I am pretty sure this is Haitian Mahogany. It's just a small test block I cut from a 8foot long beam.









THIS is the one which I am not sure of. It is a very heavy and HARD wood. I originally thought it was lignum vitae or some other form of iron wood but when I cut it I was surprised by the colour of the core and the aroma (a sweet-ish aroma)

I'd appreciate any help i can get! thanks!


----------



## CharlieM1958 (Nov 7, 2006)

When I looked at the first photo, my first thought was mahogany of some sort.

The second photo, just by appearances, looks like the same as the first, but with these pieces containing more sapwood. However, from your description I take it they have different weight and aroma characteristics, so I guess that leaves me stumped.


----------



## CharlieM1958 (Nov 7, 2006)

By the way, I forgot to mention…. I hate you for living in the Bahamas.


----------



## jusfine (May 22, 2010)

Welcome to Lumberjocks!

My initial impression was as Charlie's, the color and grain resemble various mahogany species.

Sorry I can't help…


----------



## Exuma (Sep 10, 2010)

Thanks for your responses. My initial reaction when I felt the weight of the wood was "mahogany or lignum vitae" and I know for a fact now it is not lignum vitae.

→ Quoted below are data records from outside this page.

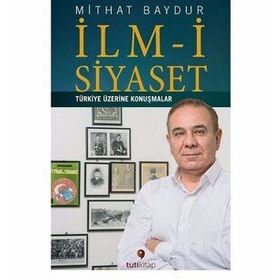 İlm-i Siyaset - Mithat Baydur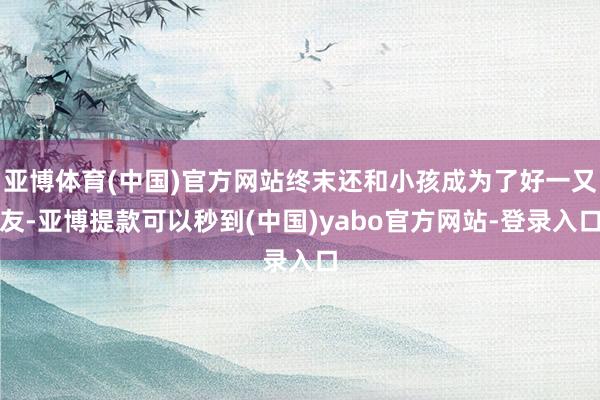 亚博体育(中国)官方网站终末还和小孩成为了好一又友-亚博提款可以秒到(中国)yabo官方网站-登录入口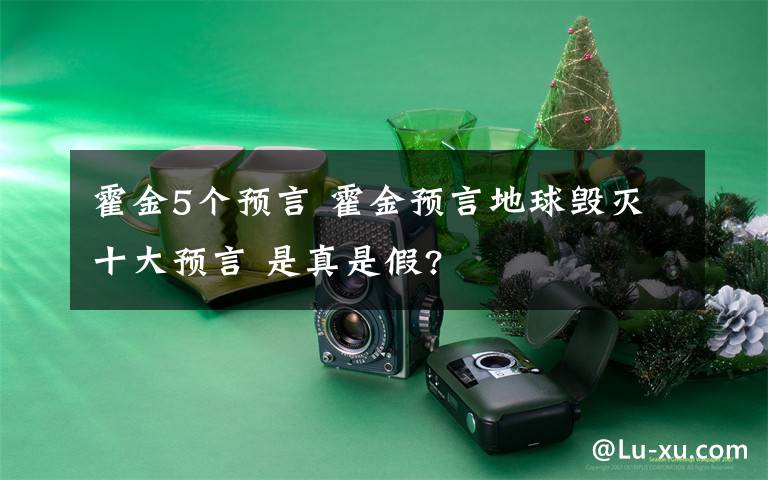 霍金5个预言 霍金预言地球毁灭十大预言 是真是假?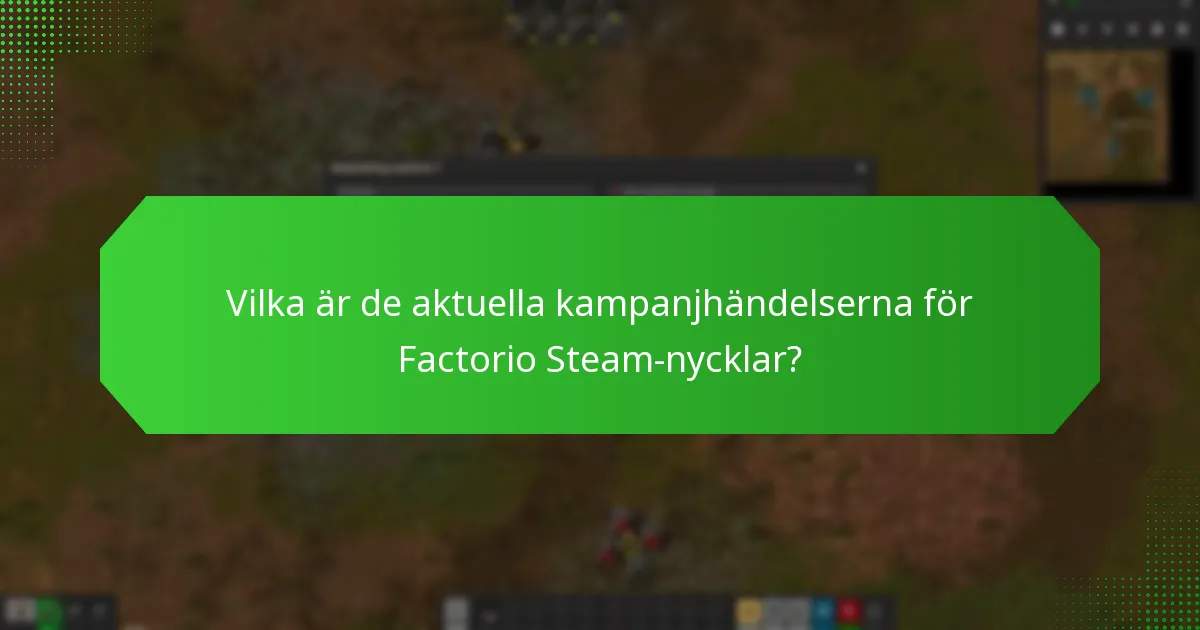 Hur man hämtar en Factorio Steam-nyckel under kampanjer?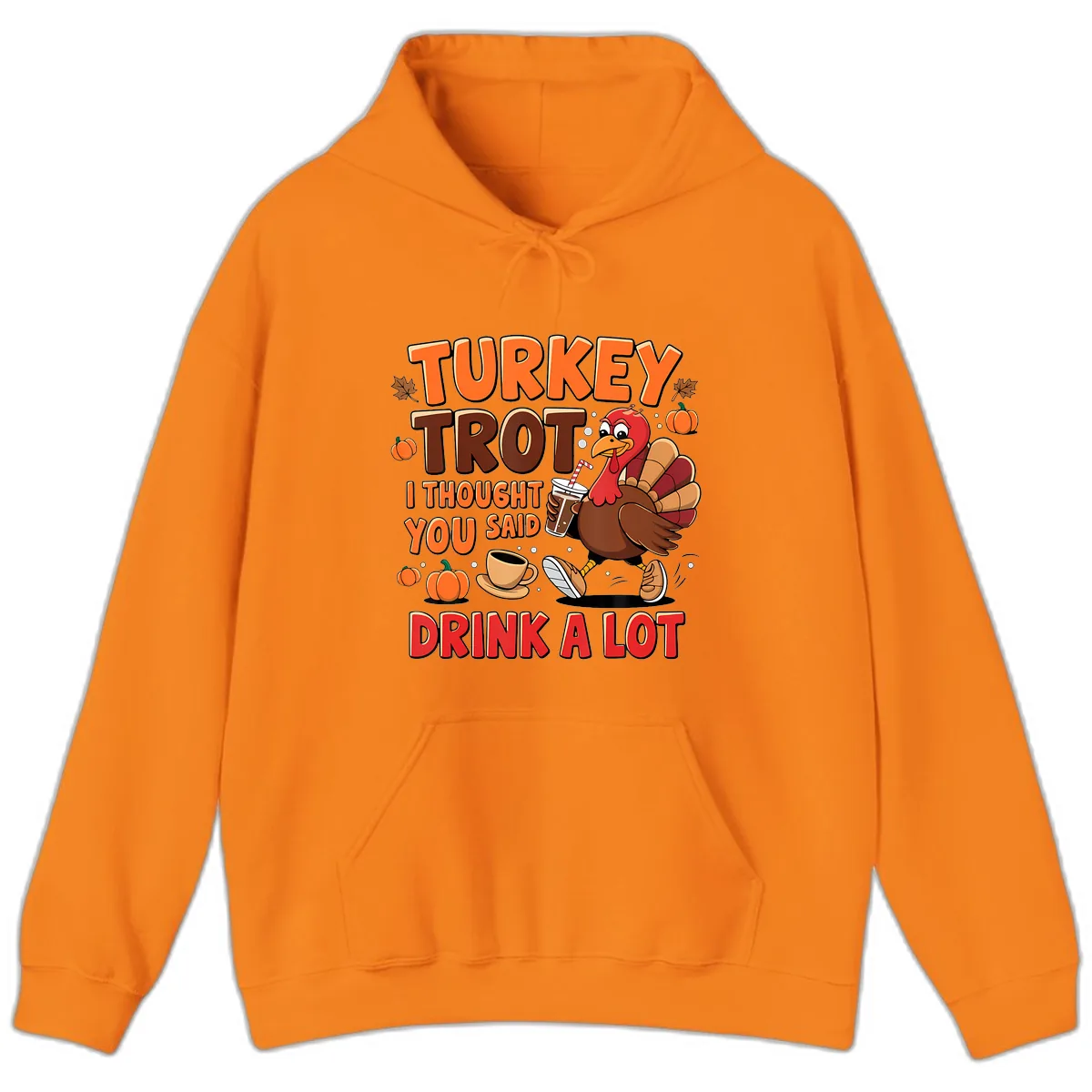 Turkey Trot I Thought You Said Drink A Lot Hoodie in Safety Orange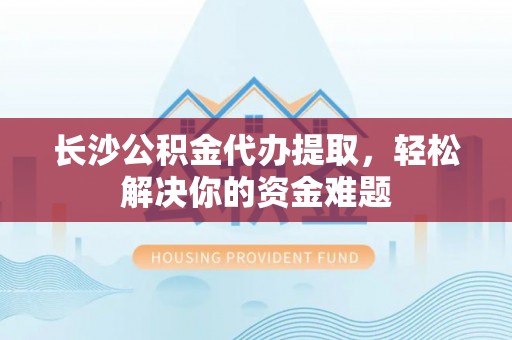 富里长沙公积金代办提取，轻松解决你的资金难题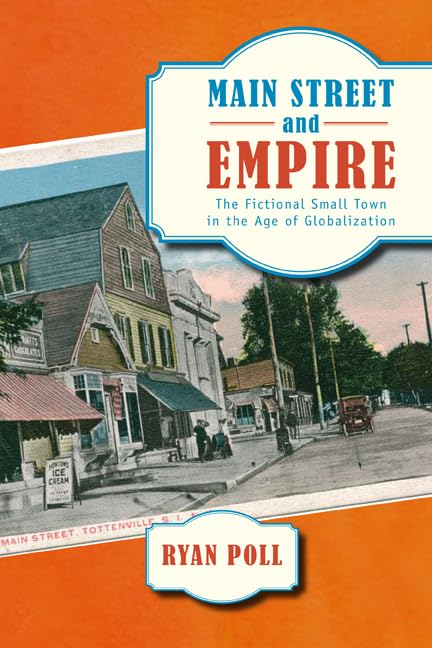 Main Street And Empire: The Fictional Small Town In The Age Of Globalization (The American Literatures Initiative),Used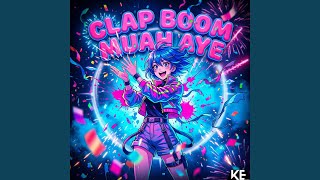 CLAP BOOM MUAH AYE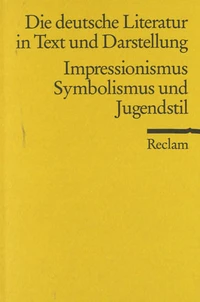 Impressionismus, Symbolismus Und Jugendstil - Die Deutsche Literatur In Text Und Darstellung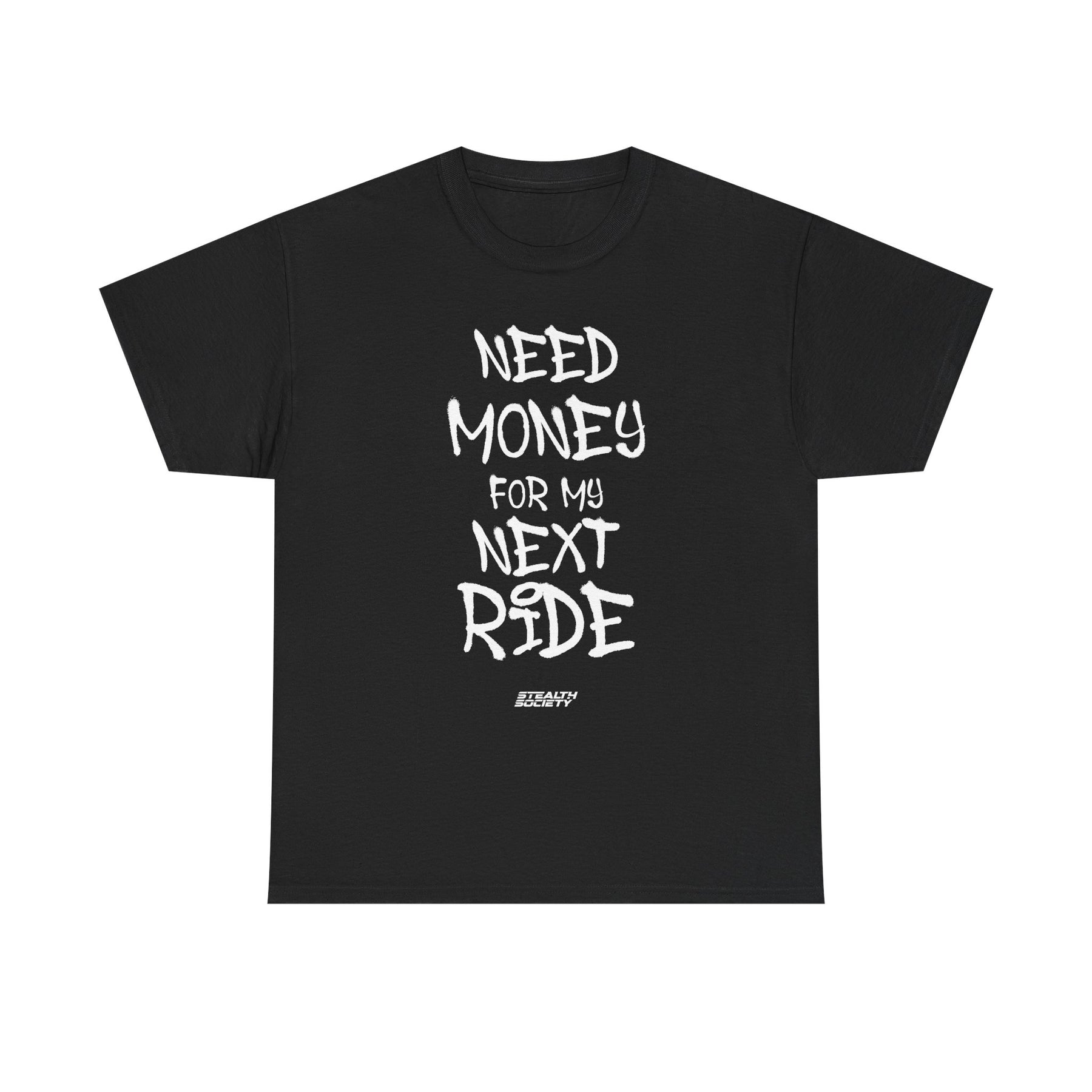 Need Money For My Next Ride Tee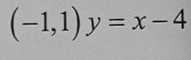 (-1,1)y=x-4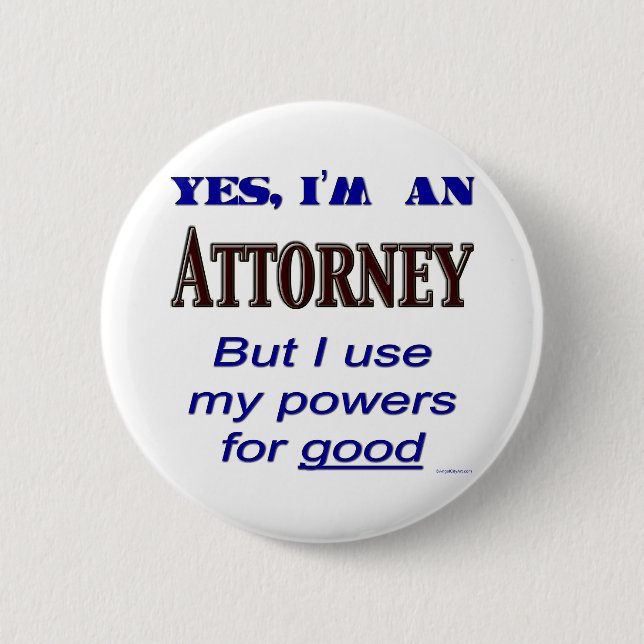 Bóton Redondo 5.08cm Poderes do advogado para bom dizer (Frente)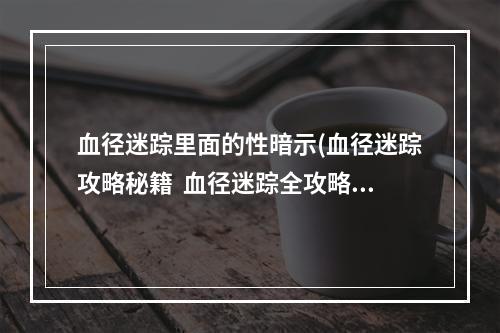 血径迷踪里面的性暗示(血径迷踪攻略秘籍  血径迷踪全攻略  血径迷踪攻略专区)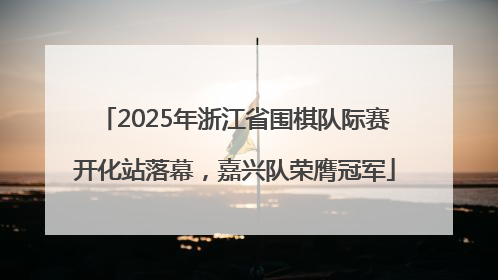 2025年浙江省围棋队际赛开化站落幕,嘉兴队荣膺冠军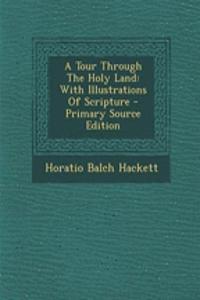 A Tour Through the Holy Land: With Illustrations of Scripture - Primary Source Edition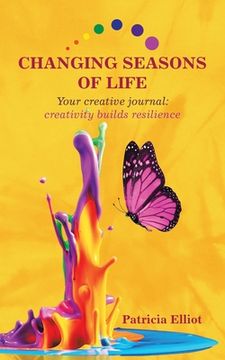 portada Changing Seasons of Life: Your Creative Journal: Creativity Builds Resilience (en Inglés)
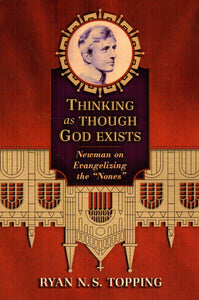 Thinking as Though God Exists: Newman on Evangelising the "Nones":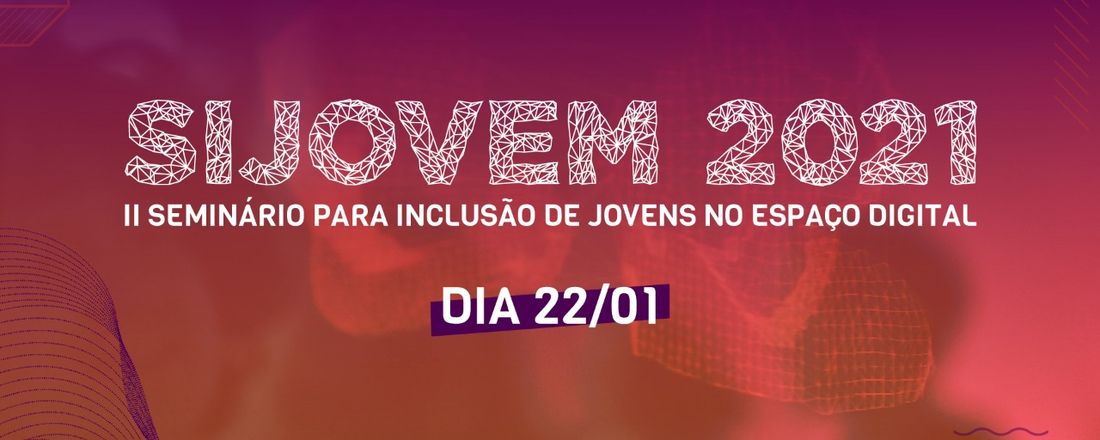SiJovem 2021 - II Seminário para Inclusão de Jovens no Espaço Digital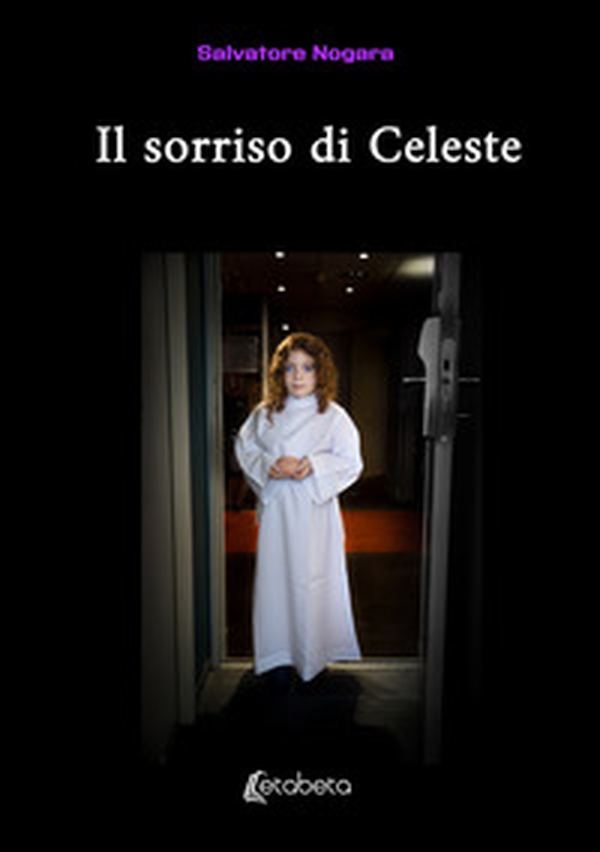 Il sorriso di Celeste - Librerie.coop Il sorriso di Celeste - Librerie.coop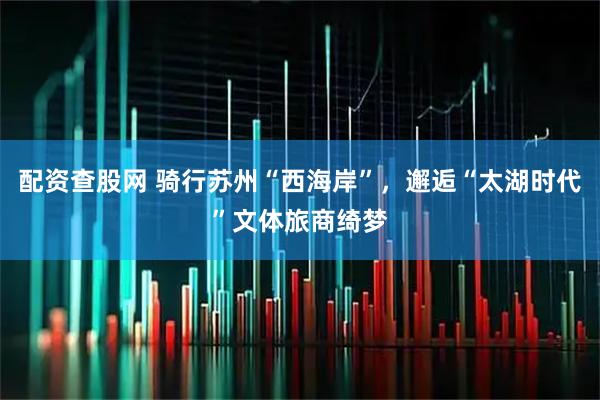 配资查股网 骑行苏州“西海岸”，邂逅“太湖时代”文体旅商绮梦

No matter what kind of wood it is… It will be beautiful when I use it on a project


----------



## Sawmillnc (Jan 14, 2010)

definitely mahog..


----------



## FatherHooligan (Mar 27, 2008)

If it was floating it wasn't lignum vitae as it is a very dense wood and I believe it either completely sinks or just barely floats.


----------



## Exuma (Sep 10, 2010)

@jusfine, thanks for the welcome. I personally have never seen mahog. look like that, although I suppose it could be a young mahogany.

@mark I'm very familiar with Lignum Vitae since it is the national tree of The Bahamas and it does indeed sink.


----------



## FatherHooligan (Mar 27, 2008)

I did not know where it grew! Thanks for the information.


----------



## CampD (Nov 8, 2008)

I'm still trying to get the fact the you live on the BEACH in the Bahama's!!!


----------



## shipwright (Sep 27, 2010)

I can vouch for Lignum Vitae being a sinker. Something about finishing some new deadeyes I had just made. working on the float beside my boat… I remember a wake rocking the float and some quiet little plopping sounds. They would have beaten a crescent wrench in a race to the bottom.

Paul M


----------



## Dark_Lightning (Nov 20, 2009)

Can't positively identify it, but it appears to be a piece of ship…

Just remember folks, half of all Atlantic hurricanes also cross Exuma's beach. I recommend you build your house out of that stuff and dig it in deep, Exuma.


----------



## Exuma (Sep 10, 2010)

@atom - Down here we tend to build our homes out of concrete. It did come from a ship, the boom from a haitian sloop to be exact.

@camp - Lol! I don't live on the beach. but close enough.

I think i've found a candidate for what the mystery wood is in the second photo. *drumroll* KAPOK. "The wood is a pinkish white to ashy brown in color, with a straight grain." - taken from http://www.blueplanetbiomes.org/kapok.htm

I also asked the haitian man who works for me if he knew what kind of tree it is and he said "Kapob"


----------